Tunis - Just a few blocks from the hotels, the restaurants, and the government offices, Balancine is a labyrinth filled with piles of garbage and stray dogs. Teenage boys are lying around, laughing, some of them drunk.
We came here to find the new radical Islam which has become so popular since the Arab Spring. This is the house we are looking for. Going up a dark and slippery staircase, which smells of urine, sawdust and ammonia, we arrive at the third floor. We enter a darkened room, lit by a single dim light bulb hanging from the ceiling. A curtain is barely hiding the dirty toilet. A big couch, which also serves as a bed, occupies almost all the room. A 22-year-old man, Yusef, is sitting cross-legged on the couch.
We have come to meet him before he leaves for Jihad in Syria. He is a Salafi Islamist, part of a movement that is fast becoming a major player in the region. This is not the pragmatic secularized Islam, nor the social democracy of the Muslim Brotherhood or of the moderate Ennahda movement (the Renaissance Party) whom the Western world found so reassuring after the Arab revolutions.
Yusef is set to leave for Syria to fight Bashir al-Assad's unholy regime. Other young Tunisians have already joined the jihad, recruited in the city's most radical mosques, and given a ticket to Turkey, along with directions on how to reach the army of rebels. "There are many other brothers: Egyptian, Libyan, Algerian," says Yusef. Similar international Muslim brigades fought in Afghanistan, Iraq and Bosnia.
Yusef doesn't look at us as he lays out his life story: poverty, the school, petty crimes to survive -- and finally the revolution.
He is one among many other " street thugs" from the slums who have kept the revolution alive in the streets, under the blows and tear gas.
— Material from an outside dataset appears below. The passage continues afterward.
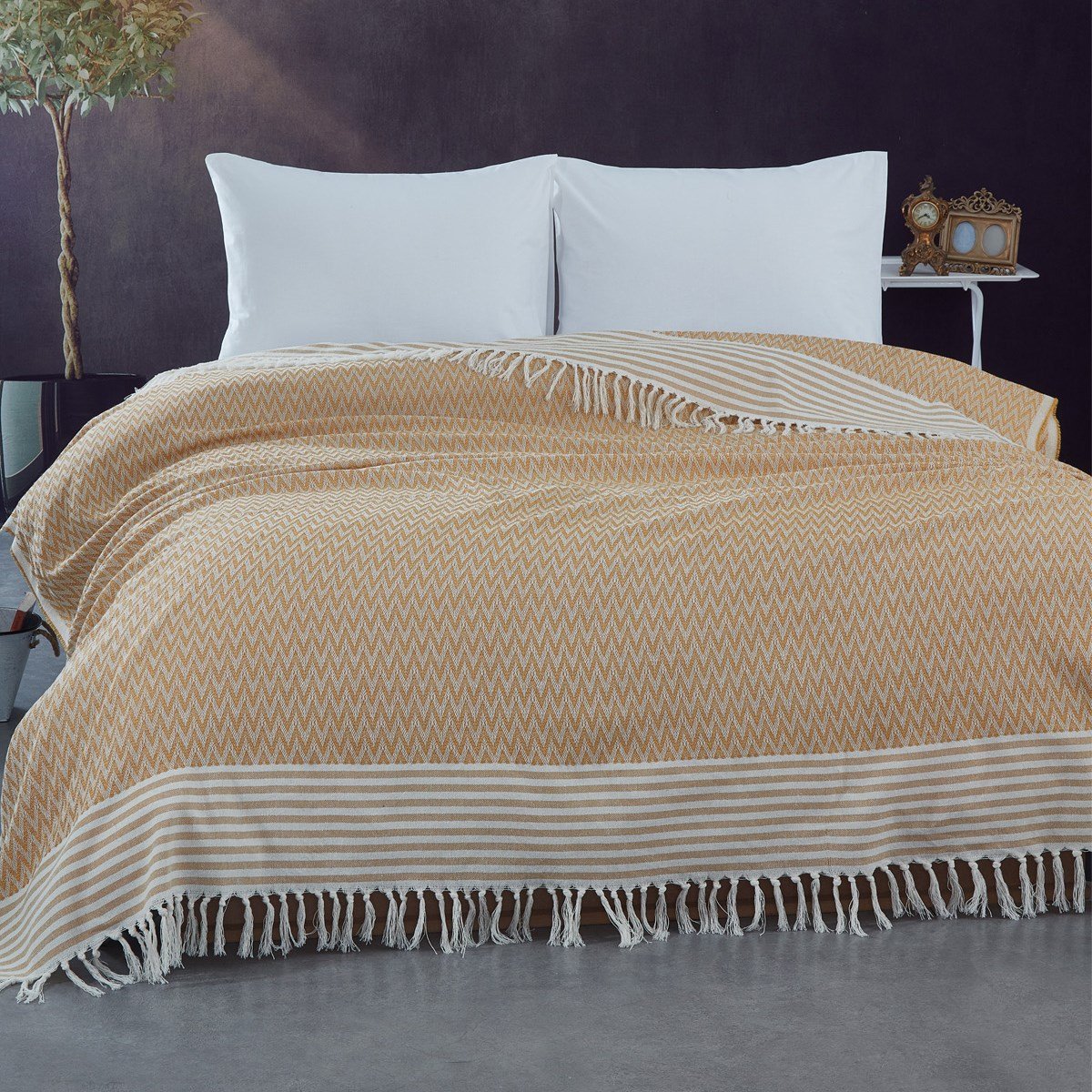 Vagonik Zigzag Kara Tezgah Dokuma Çift Kişilik Yatak Örtüsü - Hardal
When asked if he is scared of a war which, at the end of the day is not his own, the boy suddenly comes to life: " You don't know anything," he says. "Fear, courage... My strength is not in weapons. It is inside. I am an instrument. Muslims had become dependent on the things that you gave and taught us. This is our rebirth. How can we be afraid of a tyrant's army? Don't you see that God is helping us? God moved the Americans' minds. The Americans are helping, arming and funding us. They are an instrument of the holy cause."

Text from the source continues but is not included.